The Canon Mount Adapter EF-EOS M ($199.99 direct) is simple in concept: It makes it possible to use EF-S and EF Canon SLRs lenses on the company’s freshman entry into the compact interchangeable lens camera market, the EOS M. It has electronic contacts, so you can control lens aperture just as you would with a native lens, and supports autofocus.
Lens design dictates that, in order for a lens to properly focus to infinity, it must be a fixed distance from a camera’s image sensor. Because Canon SLRs are so much thicker than the EOS M, this means that the adapter essentially doubles the depth of the compact mirrorless camera. The adapter includes a removable tripod mount, which is helpful when using it in conjunction with heavier zoom or telephoto lenses and a monopod or tripod.

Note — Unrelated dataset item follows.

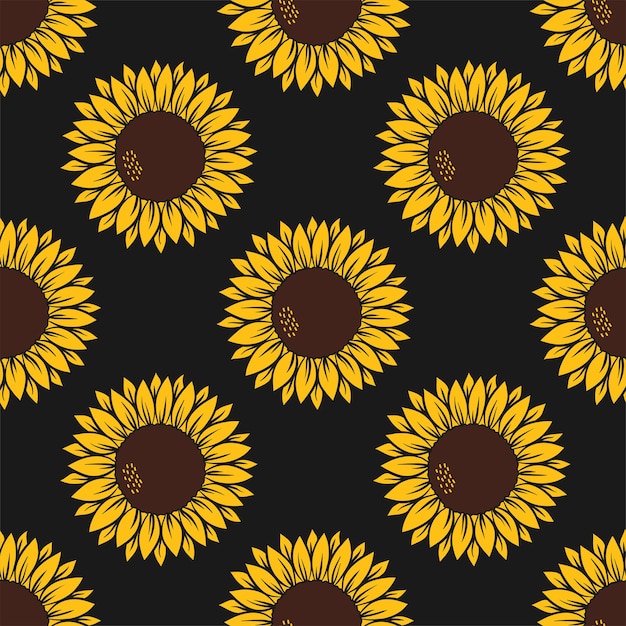 Patrón de vector con girasoles amarillos sobre un amarillo con estampado de leopardo sobre fondo blanco.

The EOS M isn’t quick to focus with native lenses, and it’s even slower to focus with adapted ones. I tested the adapter with the EF 28mm f/1.8 USM and the EOS M required about 1.9 seconds to focus and fire a shot with that lens in good light. The same lens focuses in about 0.25-second on the EOS 6D. Because the lens doesn’t have an STM focus motor, it stutters back and forth in short bursts as it attempts to lock focus for stills and video alike. You may be better off using adapted lenses in manual focus mode, especially for video. Thankfully the EOS M has a sharp rear LCD and you can easily magnify a portion of the Live View feed for more precise manual focus.

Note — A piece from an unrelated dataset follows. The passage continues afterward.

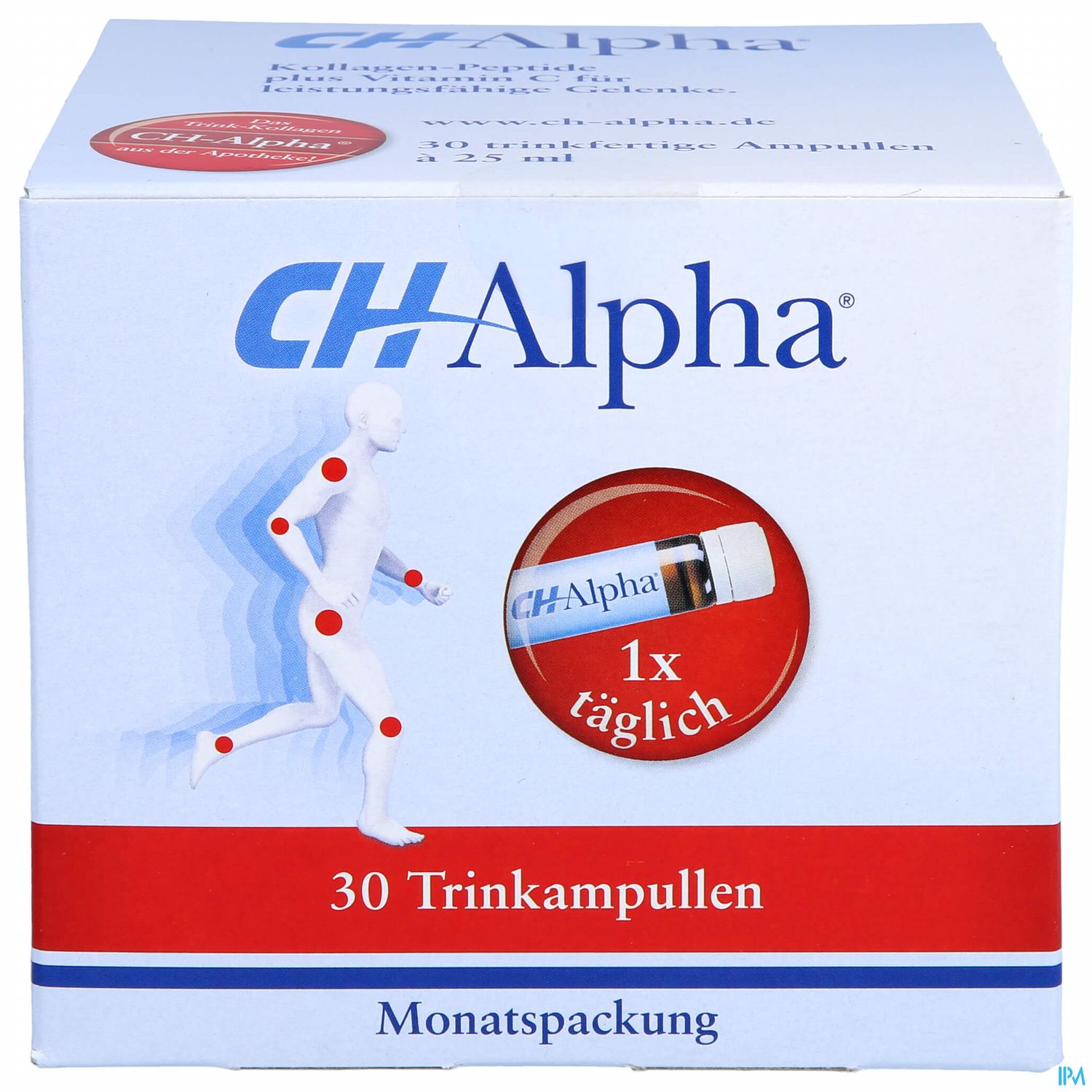 Verpackung von CH Alpha mit 30 Trinkampullen zur täglichen Einnahme, abgebildet auf weißem Hintergrund mit roten und blauen Details.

Sony offers a pair of similar adapters for its NEX camera system. The LA-EA1 is also priced at $200, and like the Canon adapter it relies on the NEX camera body’s focus system to work. There’s also a $400 LA-EA2, which features an integrated phase detect focus system. This delivers SLR-style focusing with adapted lenses. It’s a feature that would go a long way to improve SLR lens performance with the EOS M.
If you’ve already bought into the EOS M system, you’re used to its slow autofocus performance. This adapter works as advertised, but understand that performance with adapted SLR lenses will be slower. Considering that it doubles the depth of the EOS M, and that SLR lenses are bulky compared to a mirrorless camera to begin with, you may be better off simply skipping the adapter and simply carrying a D-SLR when you need a lens that isn’t available for the EOS M. But if you have a library of Canon SLR glass and are set on using it along with the EOS M, this accessory is a necessary one.